Data excerpt:
·····

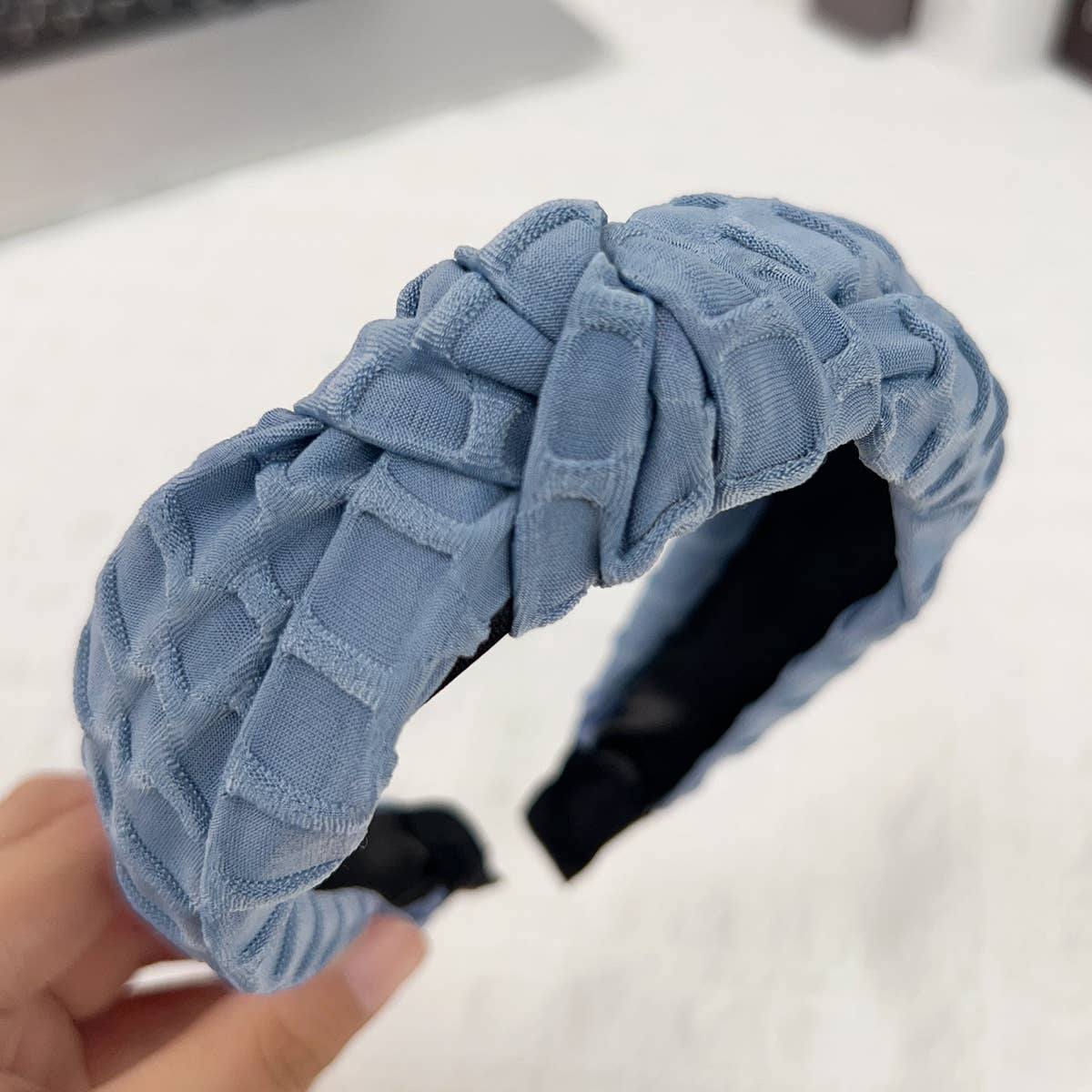 Solid cross-knotted wide-edge pressed hair band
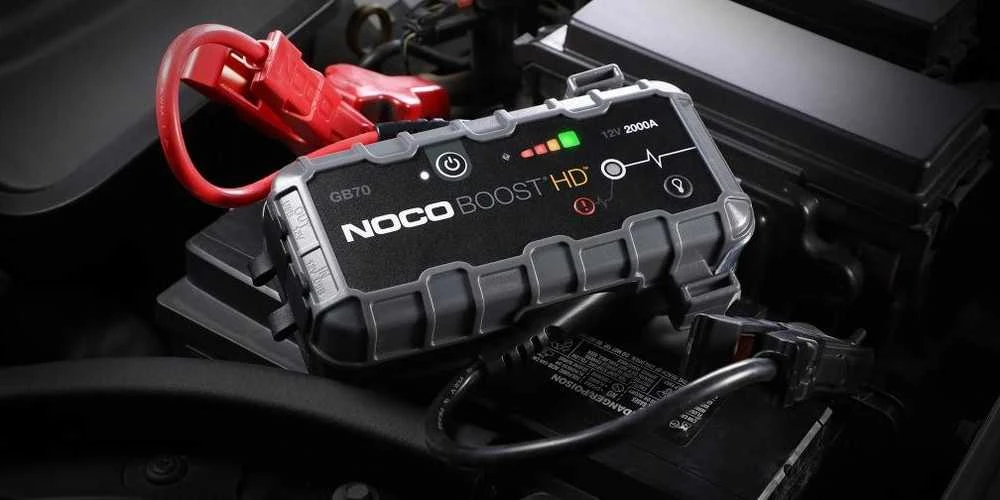 „Noco gb70“ starteris su stiprintuvu 12 V, 2000 A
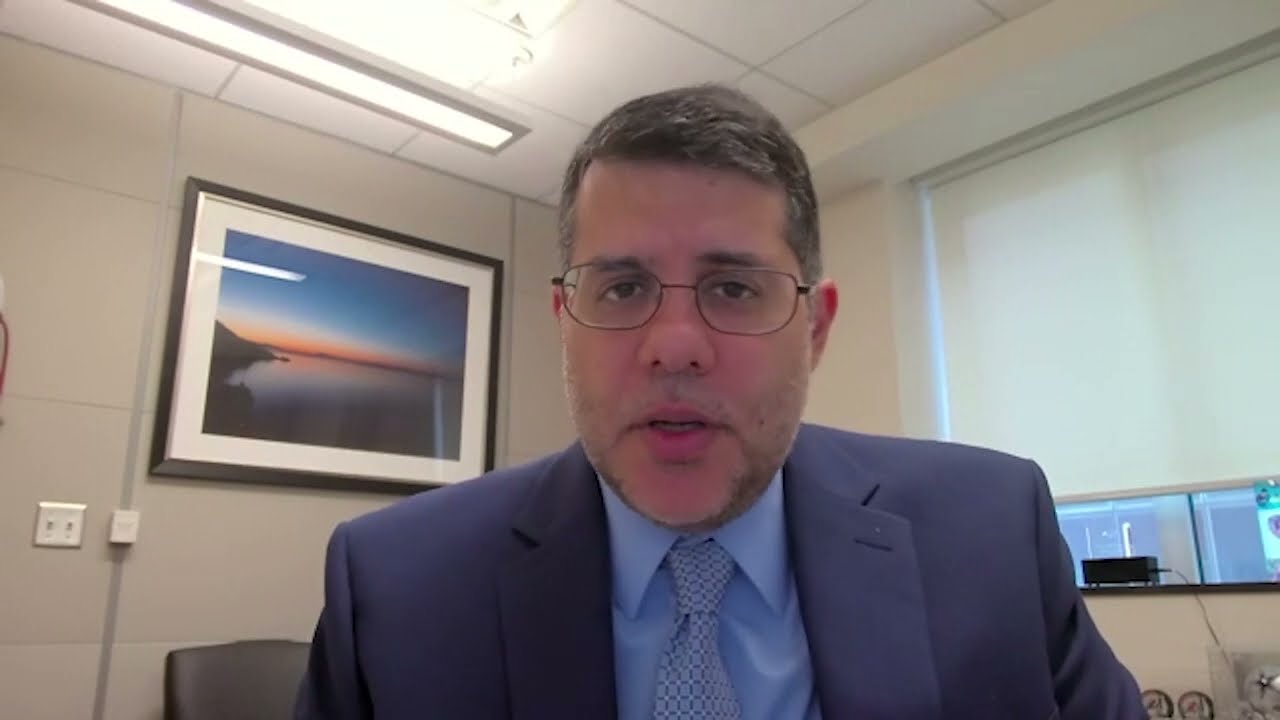 Differentiating between small cell and neuroendocrine prostate cancer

·····

Exercise requirements: Return only the lines from the one that contains "12 V, 2000 A" through the closing line of the data, inclusive, reproduced exactly and with every picture left out.

Task output:
 „Noco gb70“ starteris su stiprintuvu 12 V, 2000 A
 Differentiating between small cell and neuroendocrine prostate cancer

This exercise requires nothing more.